• [Given data]:
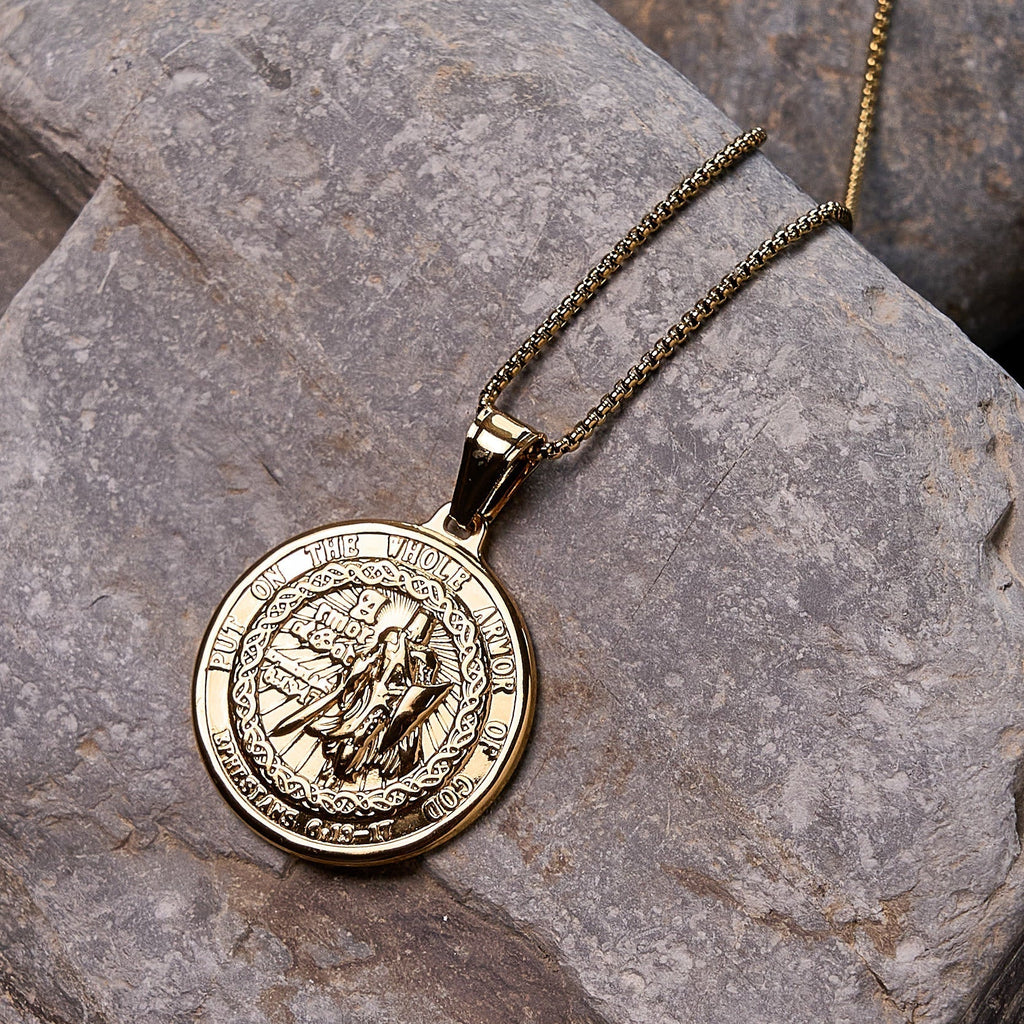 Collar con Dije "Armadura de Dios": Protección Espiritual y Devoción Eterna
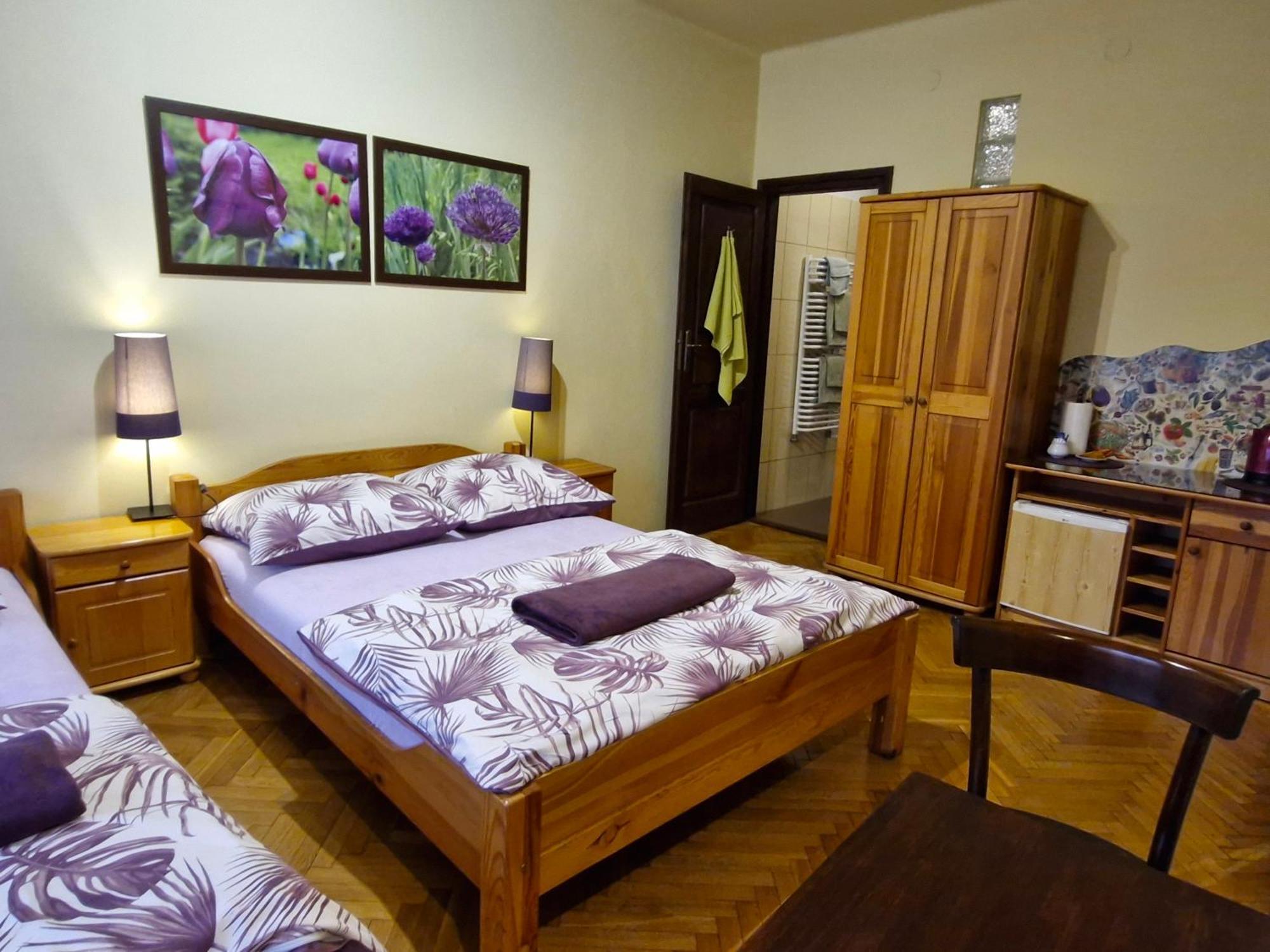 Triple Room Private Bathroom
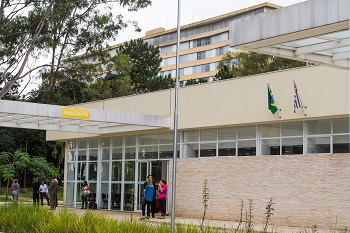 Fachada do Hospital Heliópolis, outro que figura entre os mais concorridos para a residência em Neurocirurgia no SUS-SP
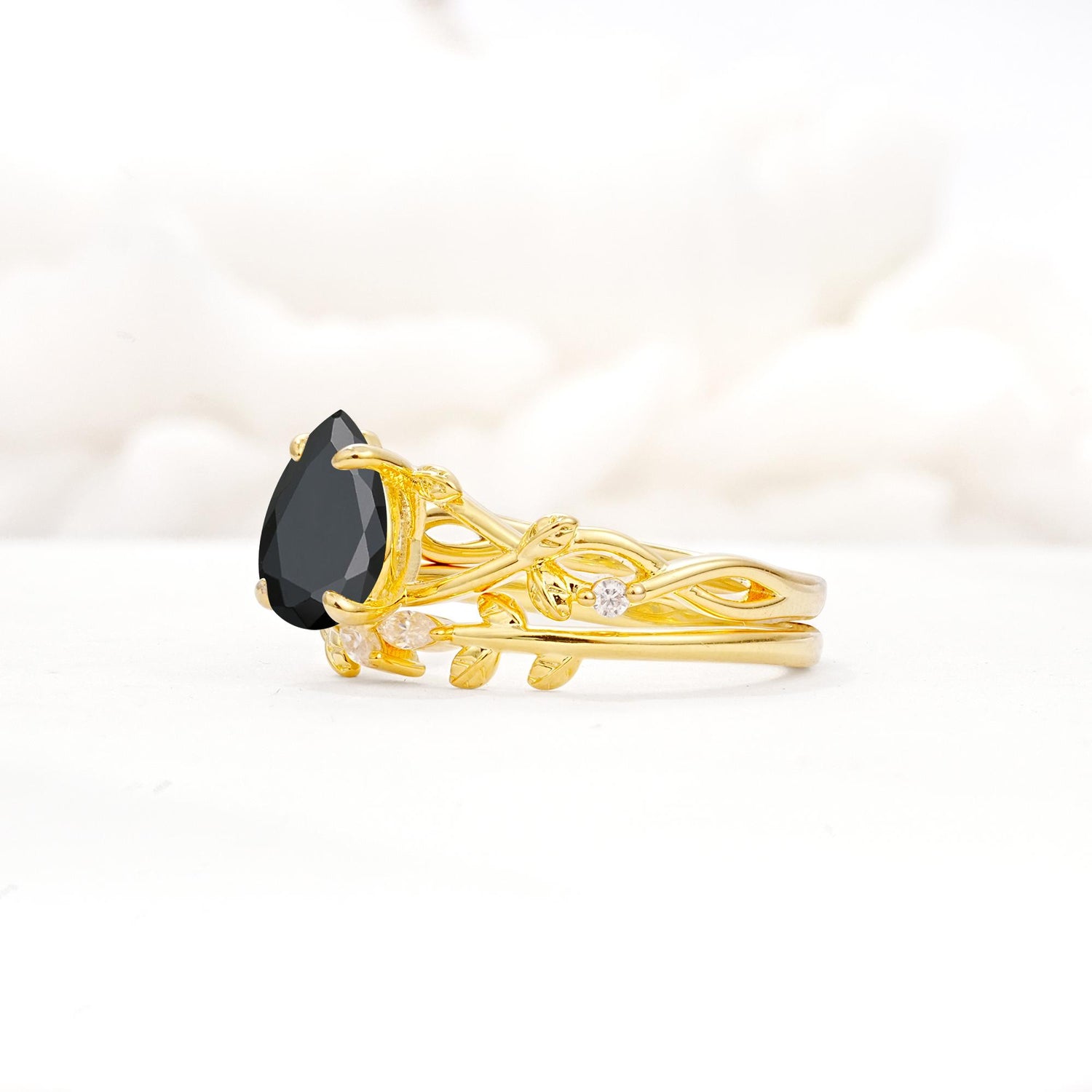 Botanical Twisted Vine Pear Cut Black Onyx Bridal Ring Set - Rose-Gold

• [Work task]:
A faithful copy of the data above is wanted, with every image left out.

• [Solved problem]:
 Collar con Dije "Armadura de Dios": Protección Espiritual y Devoción Eterna
 Triple Room Private Bathroom
 Fachada do Hospital Heliópolis, outro que figura entre os mais concorridos para a residência em Neurocirurgia no SUS-SP
 Botanical Twisted Vine Pear Cut Black Onyx Bridal Ring Set - Rose-Gold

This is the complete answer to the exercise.